Work published in the journal Structure by Kiyoshi Nagai’s group in the LMB’s Structural Studies Division, has provided further detailed information on the structure and role of proteins at the active site of the spliceosome, and may also help to explain the molecular pathology of the eye disease, retinitis pigmentosa type 13 (RP13).
The spliceosome is a dynamic molecular machine responsible for the excision of introns from pre-messengerRNA (pre-mRNA) precursors and ligation of exons to form continuous protein coding sequences in the nucleus. Five RNA-protein subunits, namely U1, U2, U4, U5 and U6 small nuclear ribonucleoprotein particles (snRNPs), and various non-snRNP proteins, assemble on pre-mRNA substrates in a highly ordered manner. The spliceosome then undergoes major compositional and structural changes leading to the formation of the catalytic core consisting of a network of U2, U5 and U6 snRNAs and pre-mRNA. Brr2 helicase, a U5 snRNP protein, unwinds U6 snRNA from U4 snRNA and allows U6 snRNA to engage in an intricate RNA network at the catalytic centre of the spliceosome within Prp8, another U5 snRNP protein. Both Brr2 and Prp8 crosslink with catalytic RNA components and the pre-mRNA substrate and thus they form the active site cavity of the spliceosome.
In work led by Kelly Nguyen, a student in the group, the crystal structure of yeast Brr2 helicase in complex with the Jab1/MPN domain of Prp8 was solved. Brr2 helicase contains a catalytically active N-terminal cassette and an inactive C-terminal cassette. Contrary to previous reports, the crystal structure and mutagenesis data show that the Jab1/MPN domain binds exclusively to the N-terminal helicase cassette of Brr2. Together with the structure of Prp8 published earlier this year, this suggests how the U6 snRNA unwound from U4 snRNA is introduced into the active site of the spliceosome.

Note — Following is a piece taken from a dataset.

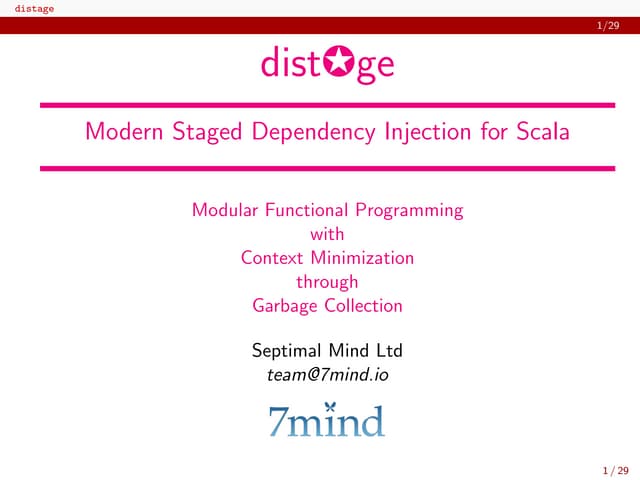 ScalaUA - distage: Staged Dependency Injection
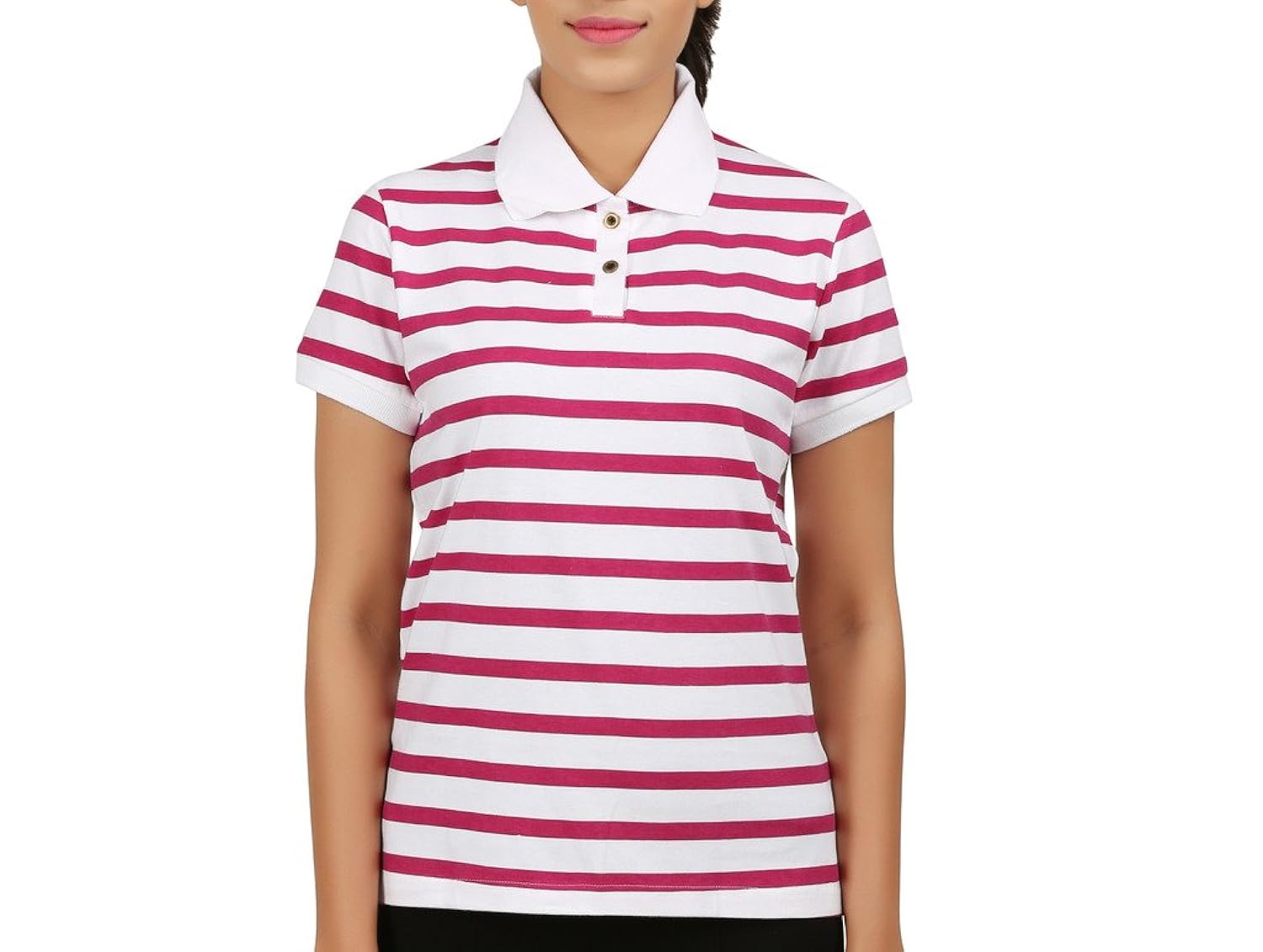 clifton womens small stripes half sleeve collar polo t-shirt-meganta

The knowledge of Prp8 protein structure, particularly in association with its partners, provides insights into the splicing reaction. The residues in the Jab1/MPN domain, whose mutations in human Prp8 cause the degenerative eye disease retinitis pigmentosa (RP), are found at or near the interface with Brr2. The disease may be caused by a splicing defect of some mRNAs when the Prp8-Brr2 interaction is disrupted. Understanding the molecular pathology of RP13, a genetic disease which leads to blindness, is an important first step towards prevention or delaying the onset of the disease.
This work was supported by the Medical Research Council and a Herchel Smith Research Studentship for Kelly.